Profesyonel Destek Alın
Duygusal yeme alışkanlığınız kontrol edilemez hale geldiyse veya kilo yönetiminizi olumsuz etkiliyorsa, psikolojik destek almayı düşünebilirsiniz. Bir psikolog veya beslenme uzmanı ile çalışmak, duygusal yemeyi yönetmek için etkili stratejiler geliştirmenize yardımcı olabilir.
Uyku Düzeninizi İyileştirin
Yeterli ve kaliteli uyku almak, duygusal yeme isteğini azaltabilir. Günde en az 7-8 saat uyumak, iştah düzenleyici hormonların dengelenmesine yardımcı olur. Ayrıca, uyumadan önce ağır yemeklerden kaçınmak da uyku kalitenizi artıracaktır. Uyku çoğu konuda insan hayatı için önemli bir rol oynamaktadır. Bir sorun yaşadığımızda ilk zarar gören durum uykumuzdur ve de sorunların çözümü noktasında da ilk düzeltilmesi gereken durum yine uykudur. Uyku hijyeni bu konuda önemli bir adım olabilir. Uyku hijyeni için uyuduğumuz alanı sadece bu amaçla kullanmak gerekir ve de uyku öncesi diş fırçalama, kişisel bakım gibi rutinlerin olması kişiyi uykuya adapte etme konusunda etkilidir.
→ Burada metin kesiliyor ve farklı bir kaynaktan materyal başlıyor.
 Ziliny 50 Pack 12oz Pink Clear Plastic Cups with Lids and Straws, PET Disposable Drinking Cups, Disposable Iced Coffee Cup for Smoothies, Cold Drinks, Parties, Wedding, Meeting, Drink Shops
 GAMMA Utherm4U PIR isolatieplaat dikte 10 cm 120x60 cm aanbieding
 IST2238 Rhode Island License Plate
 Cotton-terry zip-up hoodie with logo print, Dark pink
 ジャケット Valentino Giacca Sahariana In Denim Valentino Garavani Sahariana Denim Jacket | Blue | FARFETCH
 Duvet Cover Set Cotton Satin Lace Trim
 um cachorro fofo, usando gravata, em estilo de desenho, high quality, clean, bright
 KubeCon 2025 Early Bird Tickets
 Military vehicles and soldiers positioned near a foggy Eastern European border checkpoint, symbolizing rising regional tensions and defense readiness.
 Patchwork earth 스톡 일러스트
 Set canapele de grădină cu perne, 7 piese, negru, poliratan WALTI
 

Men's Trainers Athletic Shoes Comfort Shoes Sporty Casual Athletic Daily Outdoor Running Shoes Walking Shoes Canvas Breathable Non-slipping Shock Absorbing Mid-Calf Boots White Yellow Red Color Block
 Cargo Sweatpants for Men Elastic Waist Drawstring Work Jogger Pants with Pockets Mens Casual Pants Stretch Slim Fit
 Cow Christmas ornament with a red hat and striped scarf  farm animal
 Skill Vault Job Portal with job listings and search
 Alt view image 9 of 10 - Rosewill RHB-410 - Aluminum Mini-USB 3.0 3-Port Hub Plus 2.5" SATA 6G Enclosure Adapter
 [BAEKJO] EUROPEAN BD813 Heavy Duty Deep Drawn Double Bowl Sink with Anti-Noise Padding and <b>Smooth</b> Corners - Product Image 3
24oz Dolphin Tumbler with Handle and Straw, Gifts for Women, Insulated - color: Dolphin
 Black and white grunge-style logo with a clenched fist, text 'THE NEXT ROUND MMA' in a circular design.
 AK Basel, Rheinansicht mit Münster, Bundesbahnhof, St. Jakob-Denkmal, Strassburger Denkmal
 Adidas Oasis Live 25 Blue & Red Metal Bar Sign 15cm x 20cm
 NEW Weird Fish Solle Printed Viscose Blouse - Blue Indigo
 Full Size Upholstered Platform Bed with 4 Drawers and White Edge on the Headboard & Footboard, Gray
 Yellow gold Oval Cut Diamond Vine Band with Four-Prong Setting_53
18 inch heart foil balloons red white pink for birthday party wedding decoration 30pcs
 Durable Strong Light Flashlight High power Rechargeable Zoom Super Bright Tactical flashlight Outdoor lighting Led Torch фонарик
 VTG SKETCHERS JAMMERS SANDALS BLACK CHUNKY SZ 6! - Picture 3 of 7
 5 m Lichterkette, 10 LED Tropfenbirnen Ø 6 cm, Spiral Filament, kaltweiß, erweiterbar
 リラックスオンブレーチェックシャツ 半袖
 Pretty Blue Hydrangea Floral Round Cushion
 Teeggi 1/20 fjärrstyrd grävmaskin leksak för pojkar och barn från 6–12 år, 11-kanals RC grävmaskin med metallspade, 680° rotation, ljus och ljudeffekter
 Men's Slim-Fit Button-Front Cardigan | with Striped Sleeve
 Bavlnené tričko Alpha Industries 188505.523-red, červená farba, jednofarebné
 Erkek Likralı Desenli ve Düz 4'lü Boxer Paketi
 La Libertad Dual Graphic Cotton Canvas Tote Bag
Duygusal yeme birçok kişinin yaşadığı günlük hayattaki stres kaynaklarımızdan beslenen ve de bizi istemediğimiz yeme ataklarına yönelten bir durumdur. Bu baş etmesi zor gibi görünebilir fakat üzerinde çalışıldığında çözülmesi muhtemel bir durumdur. Bu durumun çözümünde yukarıda aktarılan durumlar çok önemlidir. Duyguları anlamak, onlara yer açmak ve hayatı tüm detaylarıyla yaşamak önemlidir. Duyguları kabullenmekte zorlanmamız tabii ki çok normal ve insani bir durumdur. Bunlarla çalışırken yetersiz kaldığımız anlarda destek almamız sorunları aşmakta bize çözüm sunabilir. Duygusal yeme durumunda atlanılan durumlardan birisi de artık sadece düzenli beslenme zorunluluğun düşünülmesidir fakat bu zorlu bir durum olabileceği için genel olarak sağlıklı beslenme rutinlerine uymak ve duyguları anlamaya yönelik çalışmak iyi bir hedef olacaktır.
Ek olarak, farkındalık teknikleri, destek grupları ve psikoterapi yöntemleri gibi farklı yaklaşımlar da duygusal yeme ile mücadelede önemli rol oynayabilir. Unutmayın, sağlıklı bir yaşam sadece beslenme alışkanlıklarınızı değil, aynı zamanda genel yaşam tarzınızı da değiştirmekle mümkündür.